Когда начнутся мысли о том, что пора бы уже, - вспоминается это: жить надо...
В школе я знал, что Фрейд - это что-то неприличное. Потом оказалось, что Фрейд - это человек и даже как бы философ. Не вполне нормальный, что ли? Такая философия, по слухам, что несуразность просто бросается в глаза. Это я знал, когда его у нас даже не печатали. А теперь вышла его книга "Психология бессознательного". Раньше бы почитать ее лет на сорок!..
Рюккерт: "До чего нельзя долететь, до того надо дойти, хромая".
Еще в школьные годы я увидел два спектакля Мейерхольда. Оба очень мне не понравились. "Лес" Островского был нарочитым и претенциозным в сравнении со спектаклями Малого театра по тому же Островскому. Там спектакли исторгали слезы, а здесь - зачем-то качели, зеленые парики... А "Дама с камелиями" - холодный, пустынный, вообще непонятно ради чего. Читал некоторые выступления Мейерхольда в печати. Это были речи азартного, нетерпимого к инакомыслящим коммуниста. А молодые революционные массы и в то же время изощренные театралы были одержимо преданы ему.
Понял я это неинтересное и чуждое много лет спустя в работах другого режиссера - Юрия Любимова. Спектакль "Борис Годунов" по пьесе завершается словами: народ безмолвствует. В Театре на Таганке фольклорный ансамбль Покровского поет безмолвие. Это - сегодняшнее мейерхольдовское поднимает нас над тяжким, искаженным, проникающим в наши дома, в наши души.
Осташков, Великие Луки, Кострома, Минск, Прибалтика - родные места. Вот Франция (Эйфелева башня), Италия (неореализм), Норвегия (Кнут Гамсун), Испания (Дон-Кихот), Япония ("Я вовсе не болен и спать мне не хочется тоже"), Зурбаган (А. Грин) - в вас побывать не довелось.

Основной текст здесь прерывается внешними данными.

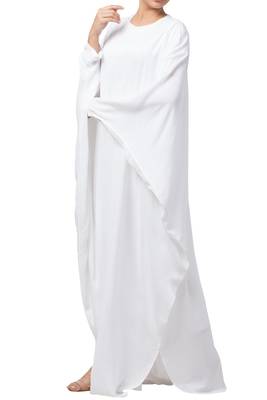 White Kashibo Plain Kaftan  3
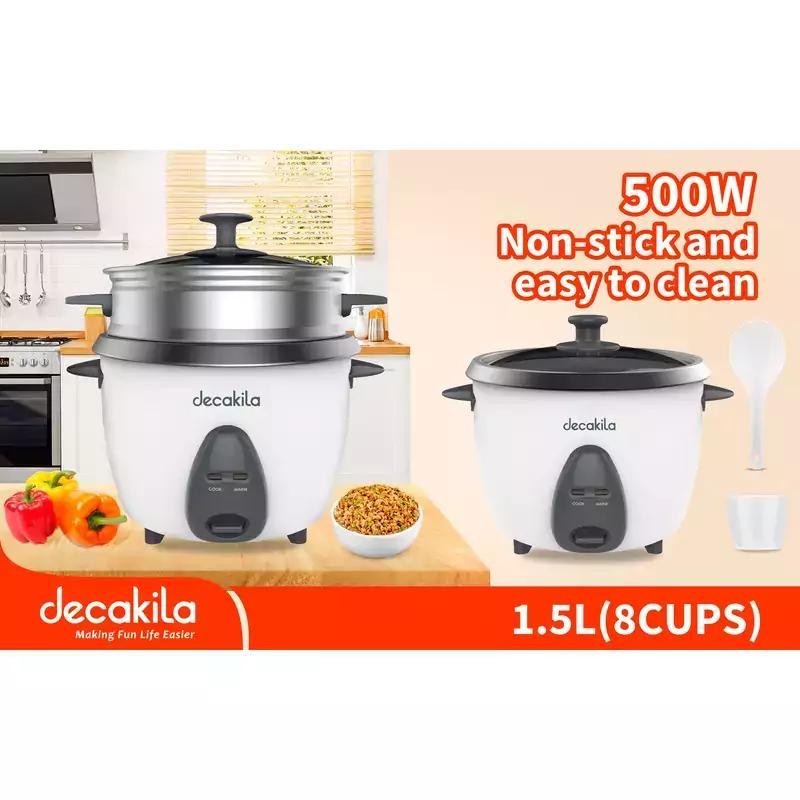 Decakila Rice Cooker 1.5l Keep Warm Function Nonstick Coated Pot 500w Keer033w with spoon, measuring cup and aluminium steaming basket single side nonstick pot coating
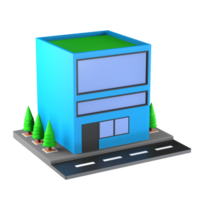 3D illustration of a building and architecture concept. Object on a transparent background png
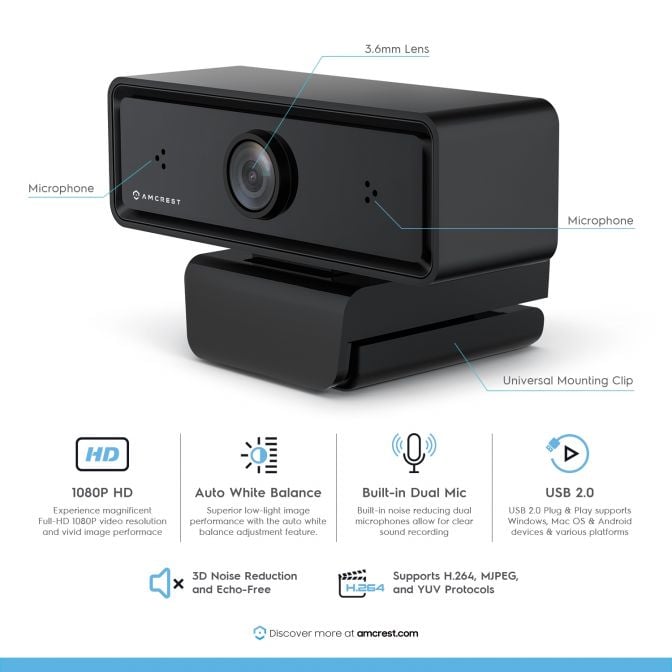 Amcrest Dual-Mic 1080P Webcam w/ Two Microphone USB Webcam AWC2198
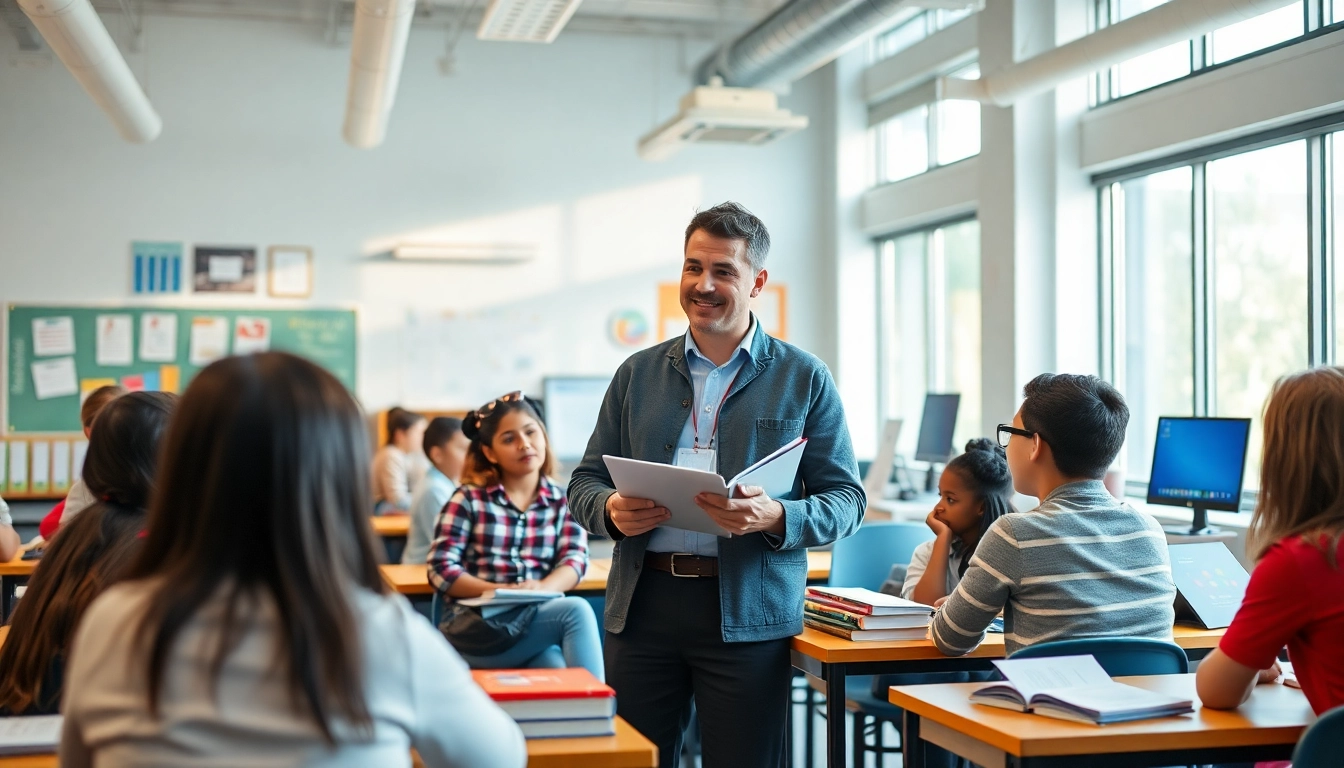 Engaged students and educator collaborating in a colorful classroom focused on Education.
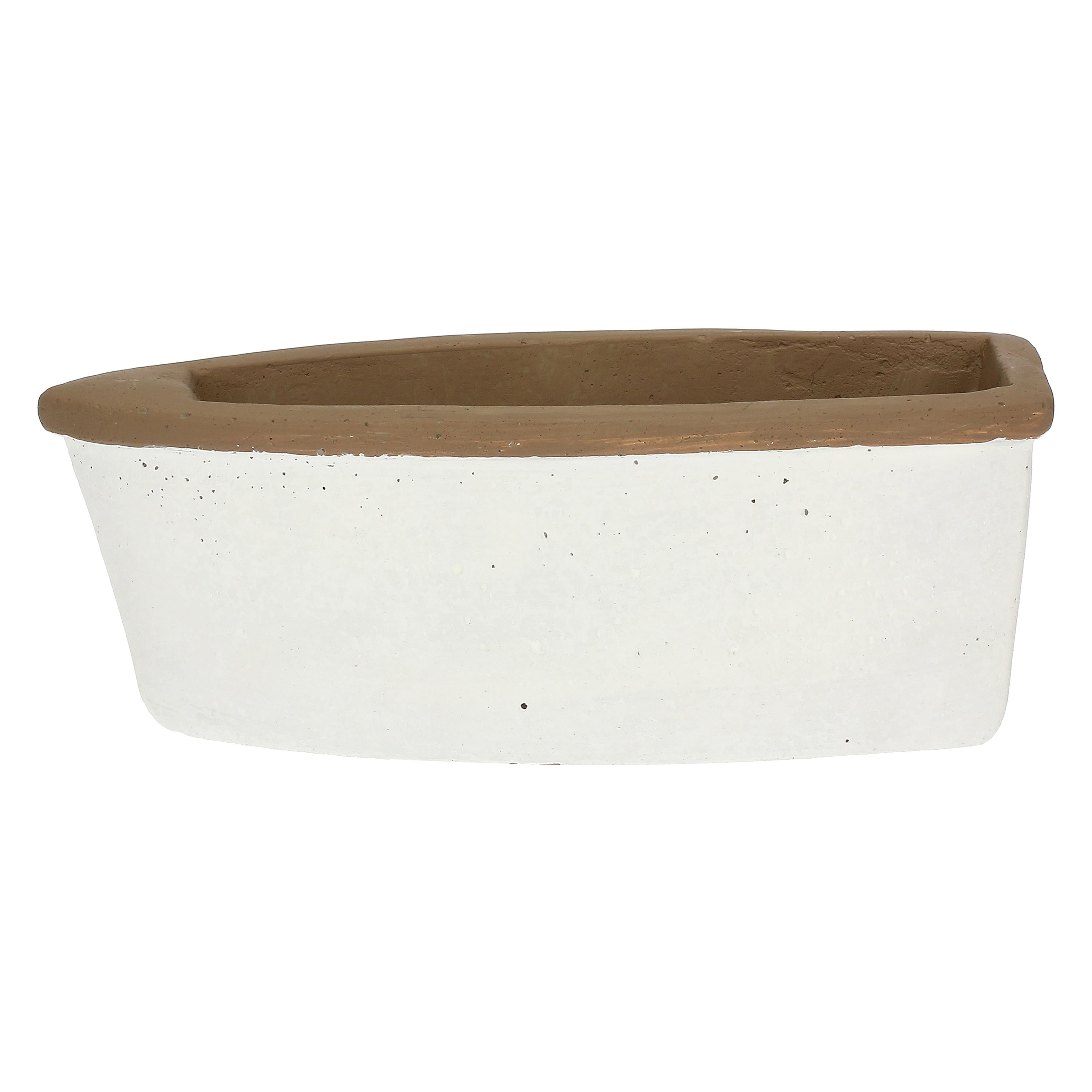 Cachepot Barca M, Sullacosta - Resina cementizia, 15,5x7x14h cm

Ответственность перед народом. Ответственность перед прогрессивной интеллигенцией. Скольких погубила эта чрезмерная ответственность. Театр Шекспира "Глобус" работал, по нашим понятиям, безответственно. Срепетировал спектакль за две недели, актеров забросали гнилыми яблоками. Они расстроились, выпили. Стали репетировать другой спектакль, опять же за две недели. "Гамлет".
Году, примерно, в пятьдесят шестом мы получили наконец комнату, полуподвальную, семиметровую на троих. Окно выходило в темную подворотню.
Как-то мне позвонили из Союза писателей.
- Из Москвы приехал Назым Хикмет, хочет вас посетить. К вам высоко подниматься? У него больное сердце.
- Ко мне, - говорю, - спускаться.
Это был легендарный турецкий поэт-коммунист, бежавший из тюрьмы на лодке в Советский Союз.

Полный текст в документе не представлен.